Most existing DiffBind
scripts and saved objects will
run correctly using version 3.0, but there may be differences
in the results.
This section describes how to approximate earlier results for existing scripts and objects.
If a DBA
object was created with an earlier version of
DiffBind
, and saved using the dba.save
function, and loaded using the dba.load
function,
all settings should be preserved, such that running the analysis anew
will yield the same results.
In order to re-run the analysis using the post-version 3.0 settings,
the original script should be used to re-create the DBA
object.
By default, if you re-run a DiffBind
script, it will use the
new defaults from version 3.0 and beyond.
In order to re-analyze an experiment in the pre-version 3.0 mode,
a number of defaults need to be changed.
When calling dba.count
, the following defaults are changed:
summits
: This parameter is now set by default.
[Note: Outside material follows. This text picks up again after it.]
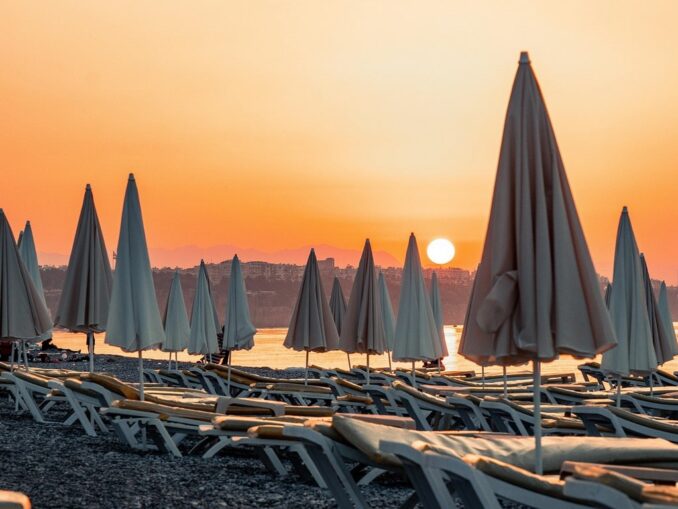В Анталию лучше всего поехать в Турции в октябре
Setting
summits=FALSE
will preempt re-centering each
peak interval around its point of highest pileup.
filter
: The new default for this parameter is 1
and is based on RPKM
values; previously
it was set to filter=0
and was based on read counts.
minCount
: This is a new parameter representing a minimum read count value.
It now default to 0
;
to get the previous behavior, set minCount=1
.
The easiest way to perform subsequent processing in a pre-version 3.0 manner is to set a configuration option:
DBA$config$design <- FALSE
This will result in the appropriate defaults being set for
the new interface function, dba.normalize
(which
does not need to be invoked explicitly.)
The pre-version 3.0 settings for dba.normalize
parameters
are as follows:
normalize
: DBA_NORM_DEFAULT
library
: DBA_LIBSIZE_FULL
background
: FALSE
Note that two parameters that used to be available when calling
dba.analyze
have been moved:
bSubControl
: now integrated into dba.count
. FALSE
by default (unless a greylist has
been added using dba.blacklist
).
bFullLibrarySize
: now integrated into
dba.normalize
as an option for the library
parameter.
library=DBA_LIBSIZE_FULL
is equivalent to bFullLibrarySize=TRUE
,
and library=DBA_LIBSIZE_PEAKREADS
is equivalent to
bFullLibrarySize=FALSE
.
Rory Stark
The DiffBind
vignette has been updated to show how to
analyze experiments using version 3.0.